> **THE TASK**
Start at the top of the records below and copy them exactly to the end.

--- MATERIAL FOR THE TASK Enclosed Below ---

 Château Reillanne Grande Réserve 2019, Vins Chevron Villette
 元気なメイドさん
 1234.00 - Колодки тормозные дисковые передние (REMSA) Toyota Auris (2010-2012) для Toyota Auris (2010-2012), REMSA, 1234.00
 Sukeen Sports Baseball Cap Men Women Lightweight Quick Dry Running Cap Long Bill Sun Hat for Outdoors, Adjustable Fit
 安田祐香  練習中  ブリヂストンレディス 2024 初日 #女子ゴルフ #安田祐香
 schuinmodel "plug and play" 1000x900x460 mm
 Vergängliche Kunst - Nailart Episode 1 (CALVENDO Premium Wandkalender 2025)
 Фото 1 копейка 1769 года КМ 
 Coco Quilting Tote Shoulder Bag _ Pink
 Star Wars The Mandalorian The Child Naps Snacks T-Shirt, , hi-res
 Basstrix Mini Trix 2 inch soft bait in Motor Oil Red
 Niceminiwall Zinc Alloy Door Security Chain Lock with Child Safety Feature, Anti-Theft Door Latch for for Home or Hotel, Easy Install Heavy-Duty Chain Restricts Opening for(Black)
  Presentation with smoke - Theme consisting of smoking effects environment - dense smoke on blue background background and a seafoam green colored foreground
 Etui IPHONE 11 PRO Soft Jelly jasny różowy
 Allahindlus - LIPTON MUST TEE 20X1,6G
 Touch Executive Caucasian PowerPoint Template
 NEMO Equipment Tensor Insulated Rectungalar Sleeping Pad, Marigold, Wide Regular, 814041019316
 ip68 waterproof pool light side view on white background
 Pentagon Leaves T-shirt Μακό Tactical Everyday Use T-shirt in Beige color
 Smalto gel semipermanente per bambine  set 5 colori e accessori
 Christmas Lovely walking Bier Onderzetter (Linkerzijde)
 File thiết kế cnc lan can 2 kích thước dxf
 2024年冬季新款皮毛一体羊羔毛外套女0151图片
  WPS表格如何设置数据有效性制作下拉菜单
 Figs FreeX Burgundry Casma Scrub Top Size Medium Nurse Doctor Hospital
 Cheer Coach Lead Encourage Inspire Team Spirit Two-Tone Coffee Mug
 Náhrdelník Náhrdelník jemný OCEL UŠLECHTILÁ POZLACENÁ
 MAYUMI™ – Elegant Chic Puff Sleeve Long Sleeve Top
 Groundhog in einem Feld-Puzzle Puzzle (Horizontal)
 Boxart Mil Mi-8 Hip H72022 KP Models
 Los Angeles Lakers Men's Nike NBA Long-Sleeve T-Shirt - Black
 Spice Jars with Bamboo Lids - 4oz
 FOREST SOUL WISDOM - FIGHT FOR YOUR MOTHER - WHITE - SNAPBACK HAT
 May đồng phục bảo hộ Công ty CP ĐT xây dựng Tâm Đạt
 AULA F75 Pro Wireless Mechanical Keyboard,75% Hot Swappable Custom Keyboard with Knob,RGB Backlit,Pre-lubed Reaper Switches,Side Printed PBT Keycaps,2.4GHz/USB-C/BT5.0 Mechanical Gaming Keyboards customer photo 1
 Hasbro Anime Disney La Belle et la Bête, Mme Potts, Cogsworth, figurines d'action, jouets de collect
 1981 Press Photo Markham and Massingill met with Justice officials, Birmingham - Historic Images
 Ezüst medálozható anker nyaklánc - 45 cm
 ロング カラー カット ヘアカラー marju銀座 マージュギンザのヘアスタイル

--- End of Enclosed MATERIAL FOR THE TASK ---

> **SOLUTION FOR THIS EXERCISE**
 Château Reillanne Grande Réserve 2019, Vins Chevron Villette
 元気なメイドさん
 1234.00 - Колодки тормозные дисковые передние (REMSA) Toyota Auris (2010-2012) для Toyota Auris (2010-2012), REMSA, 1234.00
 Sukeen Sports Baseball Cap Men Women Lightweight Quick Dry Running Cap Long Bill Sun Hat for Outdoors, Adjustable Fit
 安田祐香  練習中  ブリヂストンレディス 2024 初日 #女子ゴルフ #安田祐香
 schuinmodel "plug and play" 1000x900x460 mm
 Vergängliche Kunst - Nailart Episode 1 (CALVENDO Premium Wandkalender 2025)
 Фото 1 копейка 1769 года КМ 
 Coco Quilting Tote Shoulder Bag _ Pink
 Star Wars The Mandalorian The Child Naps Snacks T-Shirt, , hi-res
 Basstrix Mini Trix 2 inch soft bait in Motor Oil Red
 Niceminiwall Zinc Alloy Door Security Chain Lock with Child Safety Feature, Anti-Theft Door Latch for for Home or Hotel, Easy Install Heavy-Duty Chain Restricts Opening for(Black)
  Presentation with smoke - Theme consisting of smoking effects environment - dense smoke on blue background background and a seafoam green colored foreground
 Etui IPHONE 11 PRO Soft Jelly jasny różowy
 Allahindlus - LIPTON MUST TEE 20X1,6G
 Touch Executive Caucasian PowerPoint Template
 NEMO Equipment Tensor Insulated Rectungalar Sleeping Pad, Marigold, Wide Regular, 814041019316
 ip68 waterproof pool light side view on white background
 Pentagon Leaves T-shirt Μακό Tactical Everyday Use T-shirt in Beige color
 Smalto gel semipermanente per bambine  set 5 colori e accessori
 Christmas Lovely walking Bier Onderzetter (Linkerzijde)
 File thiết kế cnc lan can 2 kích thước dxf
 2024年冬季新款皮毛一体羊羔毛外套女0151图片
  WPS表格如何设置数据有效性制作下拉菜单
 Figs FreeX Burgundry Casma Scrub Top Size Medium Nurse Doctor Hospital
 Cheer Coach Lead Encourage Inspire Team Spirit Two-Tone Coffee Mug
 Náhrdelník Náhrdelník jemný OCEL UŠLECHTILÁ POZLACENÁ
 MAYUMI™ – Elegant Chic Puff Sleeve Long Sleeve Top
 Groundhog in einem Feld-Puzzle Puzzle (Horizontal)
 Boxart Mil Mi-8 Hip H72022 KP Models
 Los Angeles Lakers Men's Nike NBA Long-Sleeve T-Shirt - Black
 Spice Jars with Bamboo Lids - 4oz
 FOREST SOUL WISDOM - FIGHT FOR YOUR MOTHER - WHITE - SNAPBACK HAT
 May đồng phục bảo hộ Công ty CP ĐT xây dựng Tâm Đạt
 AULA F75 Pro Wireless Mechanical Keyboard,75% Hot Swappable Custom Keyboard with Knob,RGB Backlit,Pre-lubed Reaper Switches,Side Printed PBT Keycaps,2.4GHz/USB-C/BT5.0 Mechanical Gaming Keyboards customer photo 1
 Hasbro Anime Disney La Belle et la Bête, Mme Potts, Cogsworth, figurines d'action, jouets de collect
 1981 Press Photo Markham and Massingill met with Justice officials, Birmingham - Historic Images
 Ezüst medálozható anker nyaklánc - 45 cm
 ロング カラー カット ヘアカラー marju銀座 マージュギンザのヘアスタイル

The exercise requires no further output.